La pregunta antropológica es la que el hombre se hace acerca de sí mismo: ¿Quién soy yo? Y exige
una respuesta verdadera y no solamente una opinión: ¿Quién soy yo, propiamente dicho, según mi
esencia y no según mi apariencia? Con ello se indica que una “antropología empírica” sería
contradictoria en sí misma. Puesto que la experiencia no sale más allá del marco del fenómeno, no es
de su jurisdicción la verdad incondicionada. El conocimiento empírico es, por lo demás, siempre
objetivo; en cambio el hombre, por quien 6e pregunta, no es nunca un objeto, sino precisamente un
“yo” —el sujeto de toda objetividad.

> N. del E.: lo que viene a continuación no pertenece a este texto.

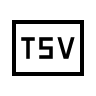 TSV File Format (Outline) Free Open-Source SVG Icon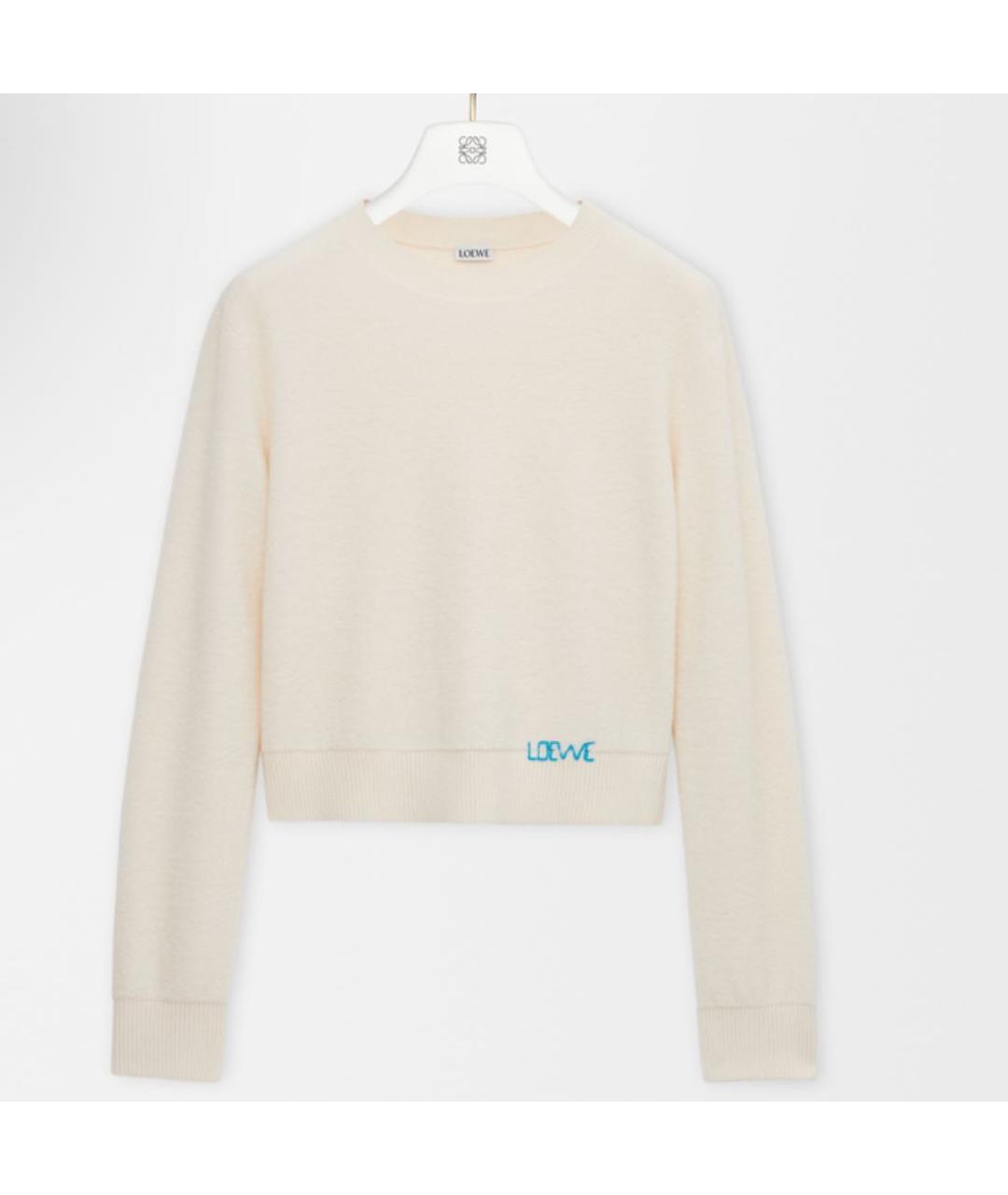 LOEWE Бежевый шерстяной джемпер / свитер, фото 5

Lo señalado por lo empírico en el hombre no es más que la
ocasión de la pregunta antropológica y no su respuesta: ¿Quién soy yo que aparezco (a mí o a otros)
de tal o cual manera? Según lo dicho no existe una antropología científico-natural (p. ej.: biológica), ni
empírico-psicológica; ambas equivalen a la mera descripción de una imagen objetiva del hombre.
Tampoco cambiaría esta situación si lo empírico tuviera la significación de auto-experiencia, porque tal
experiencia no me proporcionaría más que una imagen objetiva de mí, que puede ser engañosa, de
modo que precisamente ante ella deberá plantearse la pregunta por la esencia. A todo empeño dirigido
hacia un conocimiento verdadero, incondicional, no sujeto a lo empírico, lo llamamos filosofía.
Si existe una antropología, en el verdadero sentido de la palabra, ésta debe ser antropología filosófica.
La cuestión antropológica requiere una intelección apriorística; un conocimiento a posteriori no le sirve.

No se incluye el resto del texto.